Kai Hou, 41 ans, affirme ne pas cautionner les tactiques violentes de la frange la plus radicale des manifestants, mais se dit d’accord avec leurs objectifs généraux. «Tout le monde n’approuve pas leurs actions radicales, mais leur but est simple : ils veulent faire de Hong Kong un endroit meilleur.»

Vidéo musclée

Samedi soir, c’est le quartier de Tsim Sha Tsui, secteur à la pointe sud de Kowloon juste en face de l’île de Hong Kong, qui a été le théâtre d’échauffourées.

La police a lancé plusieurs salves de gaz lacrymogène devant un commissariat, repoussant les manifestants dans des rues habituellement fréquentées par badauds et touristes envahissant ses centres commerciaux.

La mobilisation a commencé il y a deux mois avec la dénonciation d’un projet de loi — aujourd’hui suspendu — qui proposait de légaliser les extraditions vers la Chine.

Les revendications se sont depuis élargies à la dénonciation du recul des libertés dans l’ex-colonie britannique ou à l’exigence de réformes démocratiques.

En vertu du principe «Un pays, deux systèmes», Hong Kong jouit jusqu’en 2047 de libertés inconnues dans le reste du pays.

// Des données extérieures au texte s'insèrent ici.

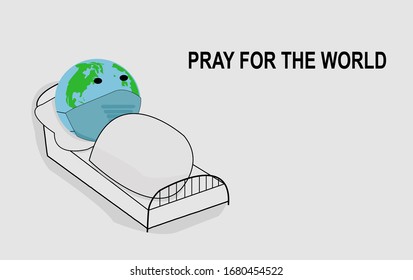 the world is sick because of the corona virus, let's pray that the world will get well soon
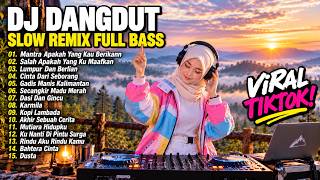 DJ DANGDUT REMIX SLOW FULL BASS || DJ MANTRA APAKAH YANG KAU BERIKAN | VIRAL TIKTOK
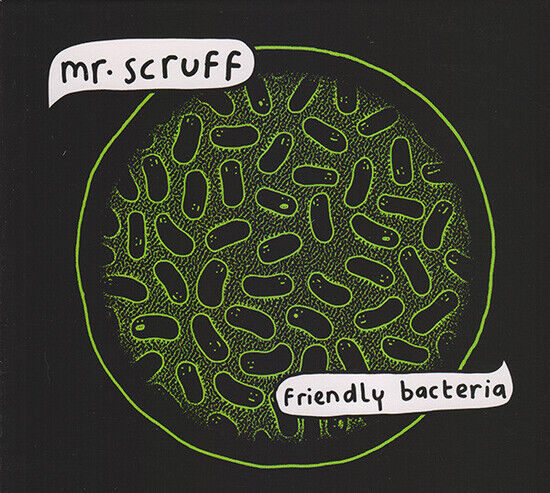 Mr. Scruff - Friendly Bacteria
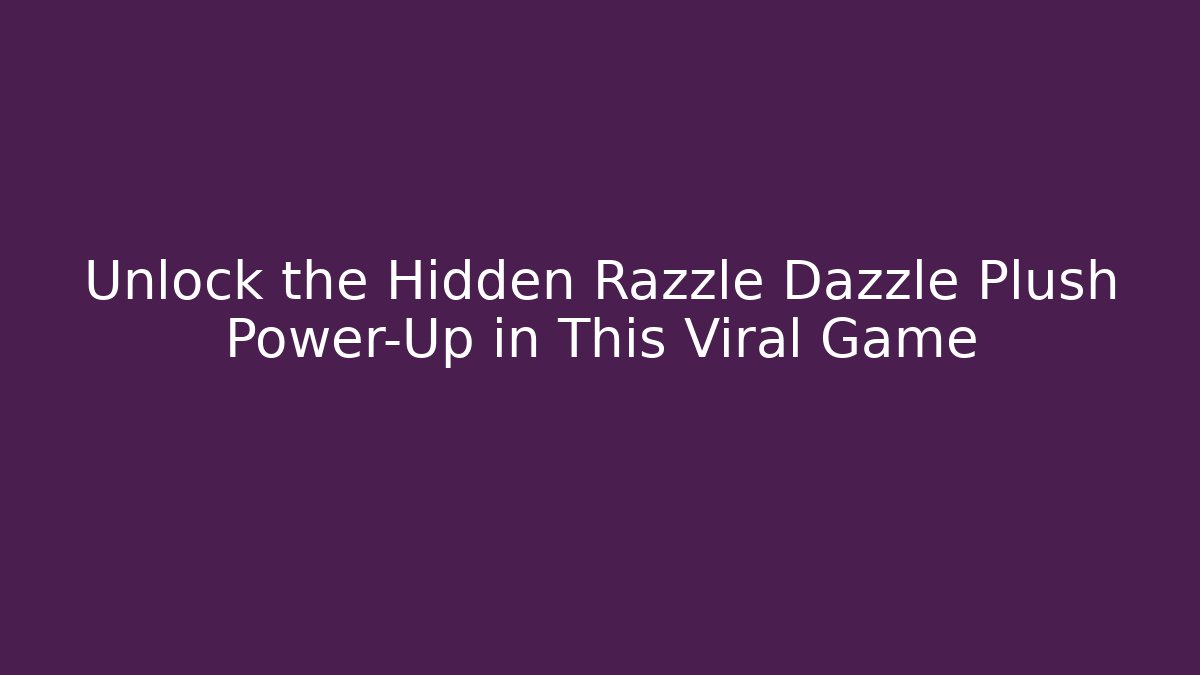 Unlock the Hidden Razzle Dazzle Plush Power-Up in This Viral Game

Mais de plus en plus de voix s’inquiètent de voir Pékin bafouer cet accord et accroître sa mainmise.

Cette semaine, la garnison de l’Armée populaire de libération (APL) basée à Hong Kong a lancé un avertissement au travers d’une vidéo musclée mettant en scène sa capacité d’intervention.

La police, elle, est en train de battre des records d’impopularité. Les autorités se défendent d’un usage excessif de la force, affirmant être aux prises avec des manifestants très radicalisés.